What to Include in The Perfect Email Subject Line For Job Hunting

By | November 17, 2014

Email Subject Line for Job SearchSending out resume after resume to job prospects is made easier by the use of email. Yet, emails can easily be ignored or sent directly to the spam folder if there is a poorly written subject line. For this reason, your job is to craft a nearly perfect email subject before sending your resume into email oblivion.

Is there such a thing as the “perfect” email subject line when job hunting?

It’s been estimated that there are some 144.8 billion business emails sent out daily around the world. That figure is compounded by the fact that human resource managers and recruiters get a huge volume of emails, as many as 100 a day for single job posting. You need to make your email subject line count so that your email doesn’t end up getting deleted before the recipient has had a chance to read through your qualifications.

Tips to Write an Outstanding Job Seeker Email Subject Line

There is a foolproof way to draft an email subject line as a job seeker that will produce positive results. Here are some steps you can take to write an eye-catching email subject line that will leave the hiring manager wanting to know more about you.

Get to the point, fast.

When you are getting down to the business of writing an email to express interest in a particular job or company, start out by knowing what your objective is. Make this known in both your email note and the subject line. HR people appreciate it when a candidate makes their point known immediately. An example could be “Technical Sales Professional Ready to Serve Your Clients”, which is direct but not pushy. Besides, you do not want to exceed 15 words in your email subject line.

Include the job title.

With the influx of emails coming in for every job advertisement, HR and recruitment folks often organize messages by each job title. Use this in your email subject line to help them auto-sort you into the right inbox folder. Note: It’s always a good practice to read through the job advertisement carefully for any special instructions as to what should be included in the email subject line (job ID, title, skills, etc.).

Add local search words.

If the company is only considering local candidates, you will grab their attention sooner if you include a local search word in your email subject line. This tells them you are established and ready to go to work for them long term – not some drifter. For example, if you are looking for a job in South Carolina, you could use “Low Country Native Seeking Long Term Employment as Sales Manager”.

Leave the sales pitch out.

If there’s one thing that will annoy a hiring manager faster than a fly on a horse’s back, it’s the use of sales pitches in an email subject line. In fact, this will increase the odds your email will end up on the spam list, which eliminates you from every future application. Just don’t do it.

Don’t brag or tell stories.

The email subject line is also the wrong space to elaborate on your greatness. It may seem like great fun to do this, but it will get your email ignored. Avoid saying things like “Best Person for the Job” or “If You Don’t Hire Me You Will Regret It”, that hiring managers have heard many times before.

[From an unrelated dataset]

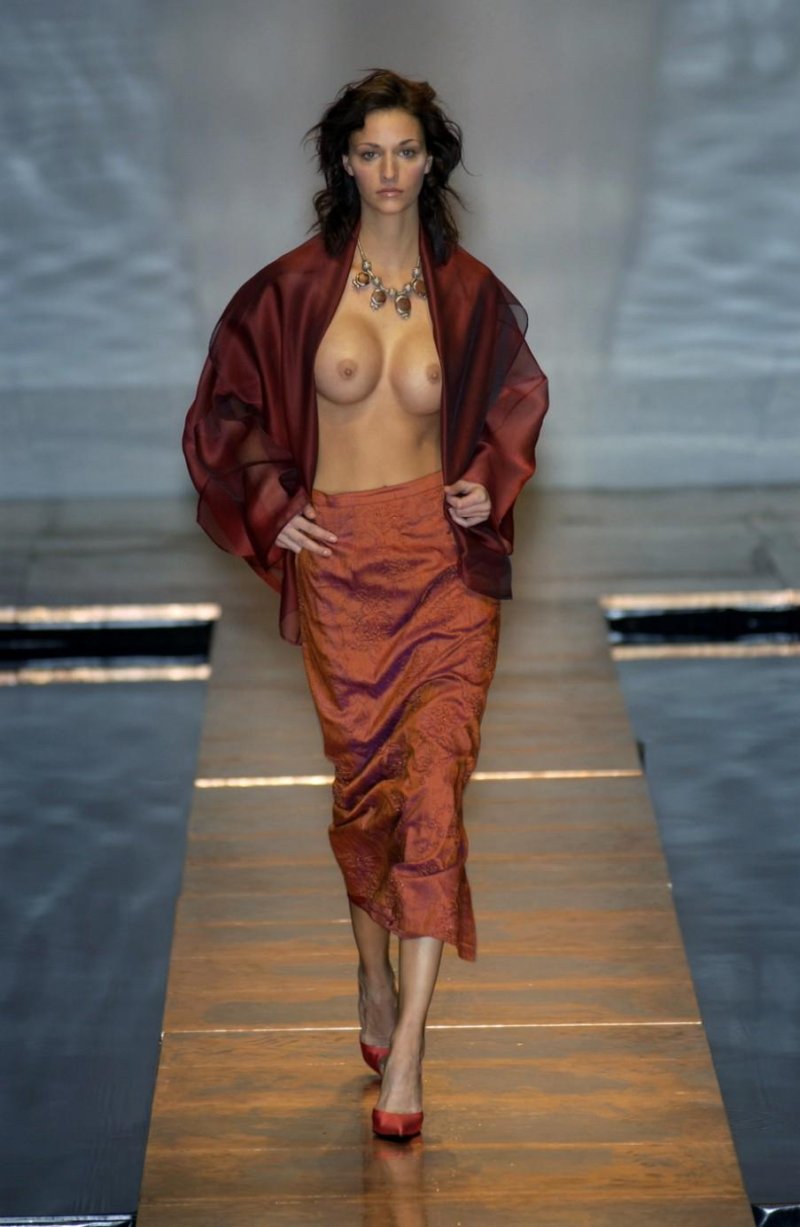 Сиськи на подиуме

Be professional, but clever.

As you write your job seeker email subject line, consider how you would like to read an email and what would prompt you to open one from a complete stranger? Use a professional stance at all times, but you can inject a little bit of cleverness too. HR people do like a good sense of humor.

Use capital letters for each word.

Marketing studies have shown that when email subject lines start each word with a capital letter, they tend to get opened more. Think of your subject line as an actual subject to a greater piece of content that tells your story. This is proper writing format for any email subject line, even for a job seeker.

In closing, as you write your email subject line as a job seeker, keep the above tips in mind. You can even test a few out on friends and family to see what they open, before sending off a real one to a hiring company.